Short text fragments from websites
Segment Open

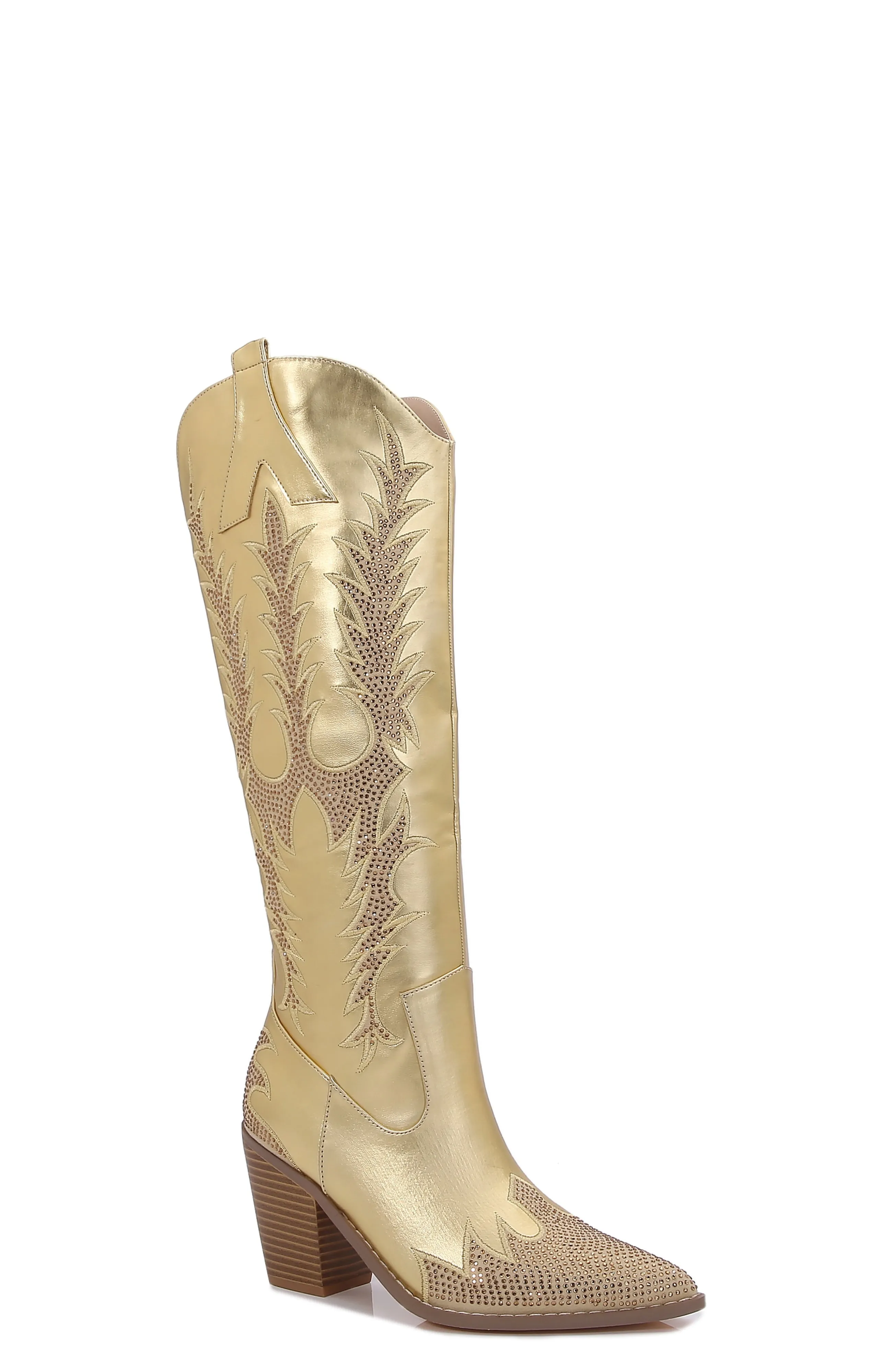 BIRCH Gold Metallic Cowboy Boot Childrens Riding Boots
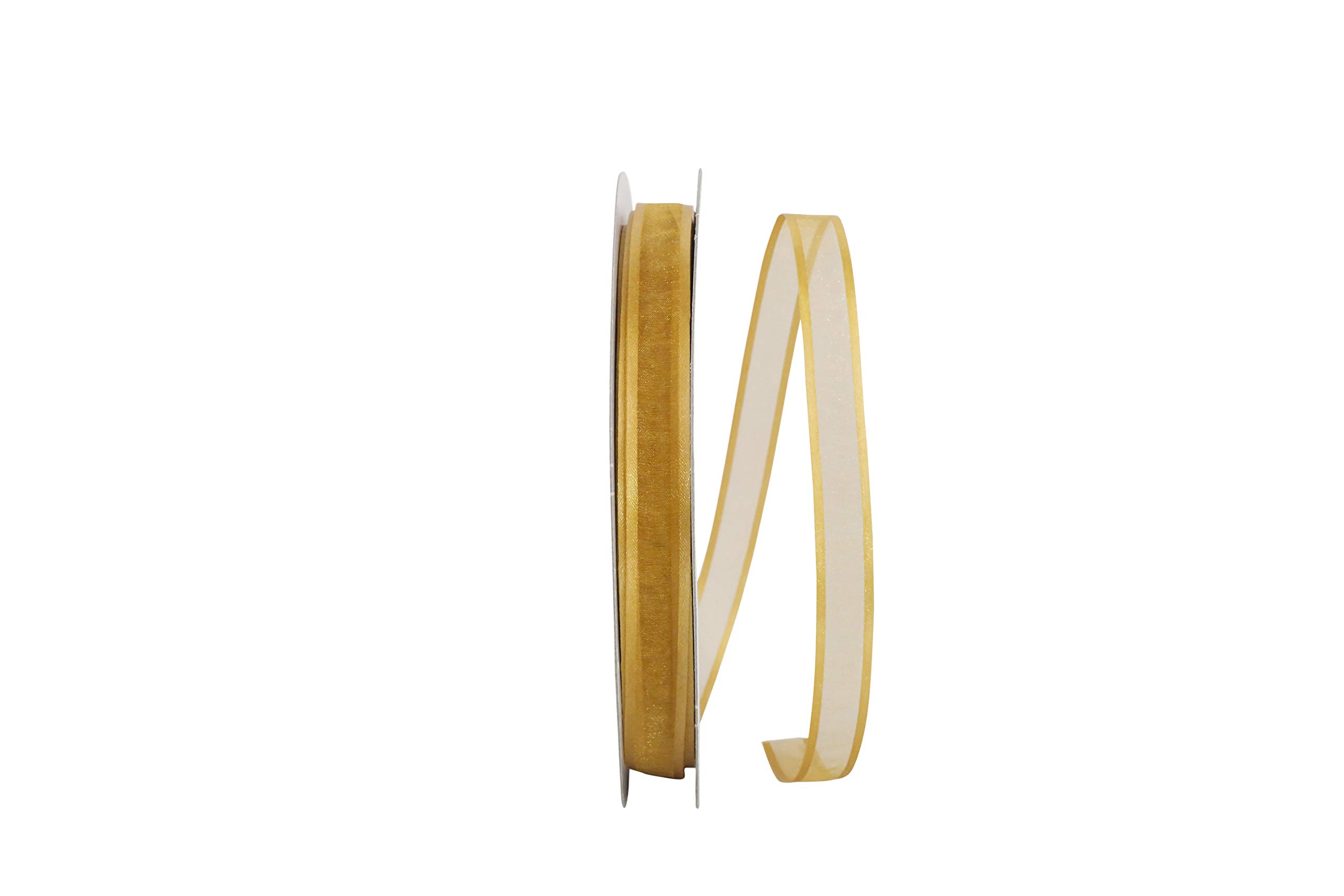Ruban doré 1,6 cm x 91,4 m pour décoration et emballage cadeau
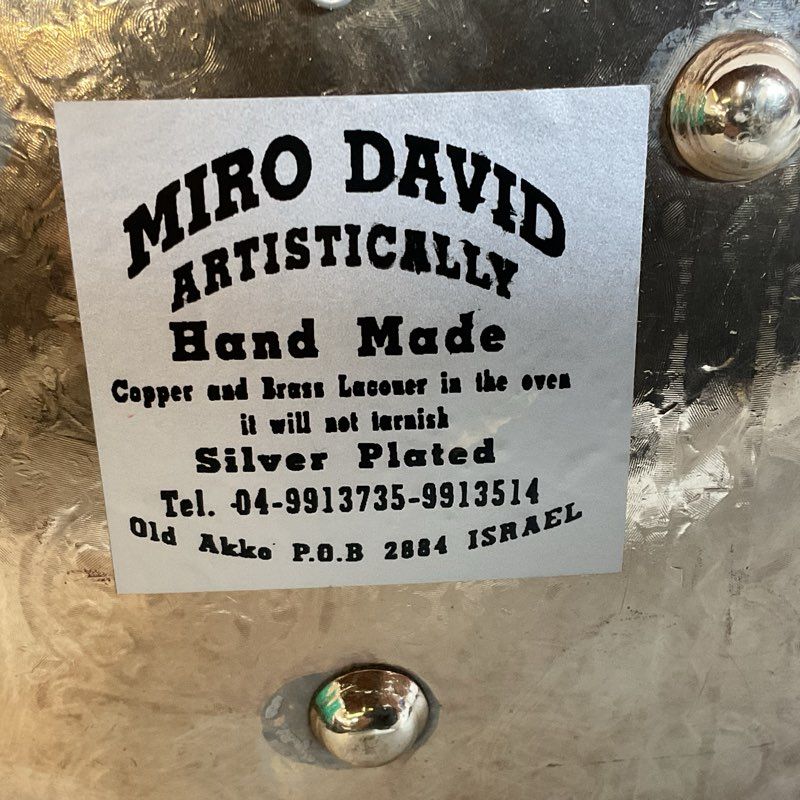 VTG. DAVID MIRO Copper & SilverPlate Decorative Hanging Plate- 7.5"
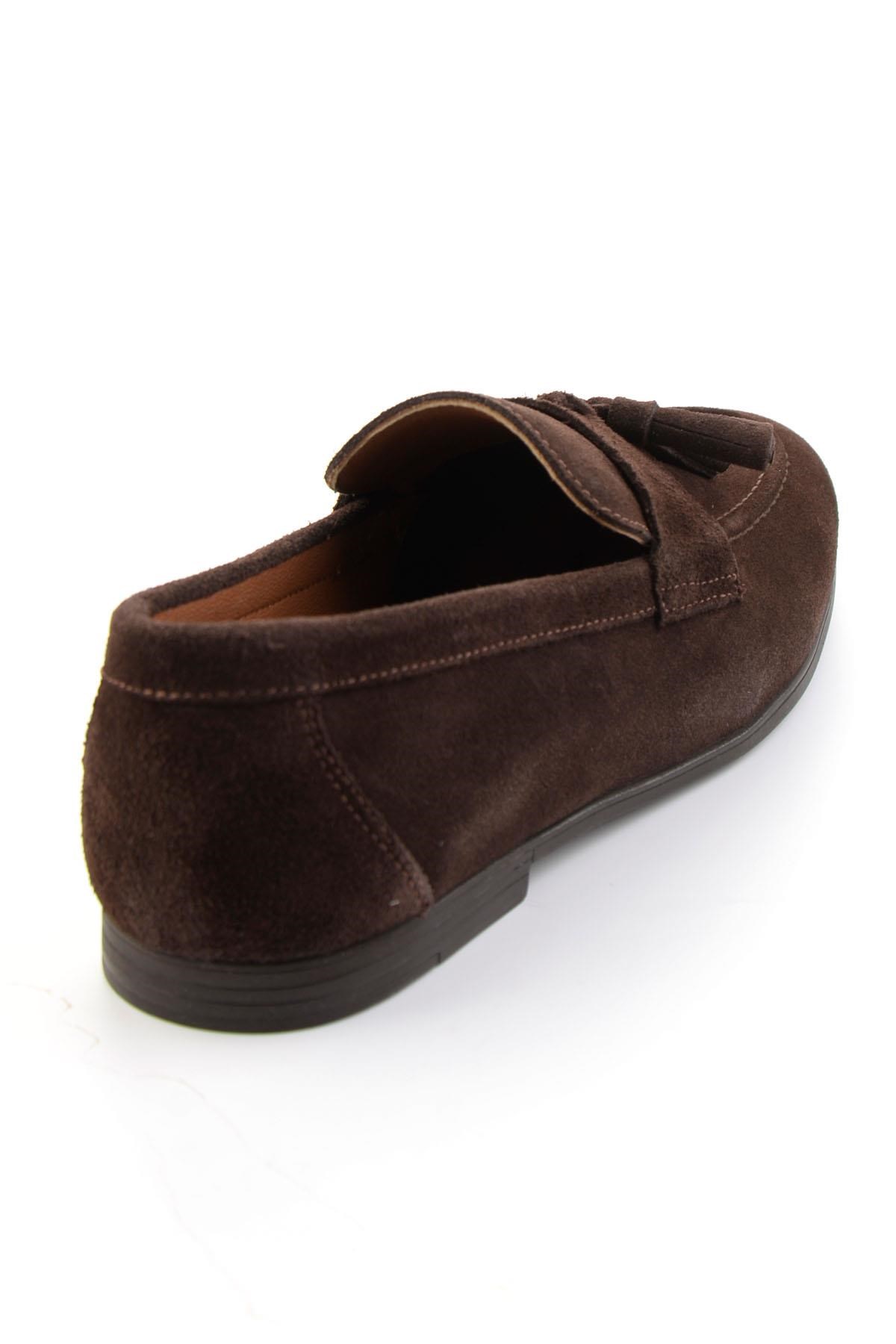 Kahve Hakiki Deri Erkek Loafer Ayakkabı E01594456502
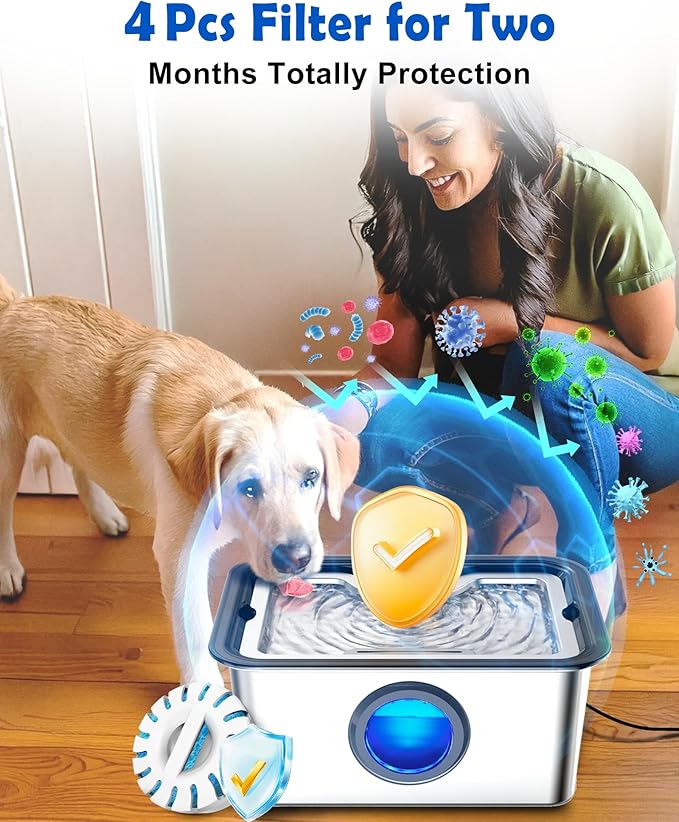 Upgrade Filter Element Pack for FurryPlanet Large Dog Water Fountain Stainless Steel,12L Ultra-Purification Pet Fountain Dog Cat Drinking Dispenser 6in1,Deep Purification Filter,4 Pcs 1 Pack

Segment Closed

About this exercise →
All of the data above should be quoted exactly, except for the pictures.

Exercise answer →
 BIRCH Gold Metallic Cowboy Boot Childrens Riding Boots
Ruban doré 1,6 cm x 91,4 m pour décoration et emballage cadeau
 VTG. DAVID MIRO Copper & SilverPlate Decorative Hanging Plate- 7.5"
 Kahve Hakiki Deri Erkek Loafer Ayakkabı E01594456502
 Upgrade Filter Element Pack for FurryPlanet Large Dog Water Fountain Stainless Steel,12L Ultra-Purification Pet Fountain Dog Cat Drinking Dispenser 6in1,Deep Purification Filter,4 Pcs 1 Pack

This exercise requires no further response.